Al rigetto dei ricorsi delle parti civili segue la condanna delle stesse al pagamento delle spese processuali.
Quanto al ricorso proposto nell’interesse dell’imputato H. , vale ricordare in premessa che il giudice di appello, nel prendere atto di una causa estintiva del reato verificatasi nelle more del giudizio di secondo grado, è tenuto a pronunciarsi, in forza dell’articolo 578 cod.proc.pen., sull’azione civile, dovendo quindi necessariamente compiere una valutazione approfondita dell’acquisito compendio probatorio, senza essere legato ai canoni di economia processuale che impongono la declaratoria della causa di estinzione del reato quando la prova dell’innocenza non risulti ictu oculi (cfr. la già citata Sez.U, Tettamanti).
Va allora considerato che la Corte di secondo grado non si è sottratta a tale compito, allorquando è passata ad esaminare, anche con il conforto degli elaborati tecnici, i diversi profili di censura nei confronti della condotta professionale dell’imputato.
Compito che il giudicante ha effettuato con argomentazioni non illogiche, tra l’altro attente ad escludere il rilievo di alcuni dei comportamenti invece in origine posti a fondamento della contestazione.
Decisivo rilievo, qui in termini incensurabili, è attribuito alla violazione del proprium cautelare del chirurgo, chiamato a vigilare sulle condizioni del paziente per tutti gli eventi correlabili alle conseguenze dell’intervento effettuato, tra l’altro considerato effettuato in assenza di consenso validamente prestato.
Il giudicante si è così soffermato, in particolare, sul carente monitoraggio delle fasi critiche dovute a patologie direttamente riconducibili alla scelta di operare (insorgere del diabete) e sulla non giustificata scelta di ritardare il secondo intervento pur in presenza di un paziente in fin di vita che doveva essere trattato con urgenza.
Sono argomenti qui non censurabili, anche perché si è in presenza di declaratoria di prescrizione.
Non colgono nel segno le critiche della difesa sulla asserita rilevanza attribuita dal giudice di merito alla mancanza di un consenso valido, pur dovendosi meglio chiarire e puntualizzare le considerazioni sviluppate in sentenza, non sempre chiare.

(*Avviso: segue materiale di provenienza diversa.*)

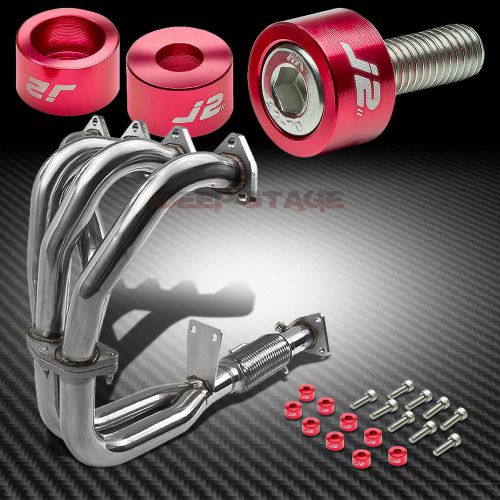 J2 for 97-01 bb6 base exhaust manifold 4-2-1 header+red washer cup bolts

In realtà, il punto di partenza, correttamente inteso dalla Corte di secondo grado, è la sentenza della Corte di cassazione, Sezioni unite, n. 2437 del 18/12/2008, dep.2009, Giulini, Rv. 241752, anche se intervenuta sulla questione della possibile rilevanza penale della condotta del sanitario che, in assenza di consenso informato del paziente, sottoponga il paziente stesso ad un determinato trattamento chirurgico nel rispetto delle regole dell’arte e con esito fausto.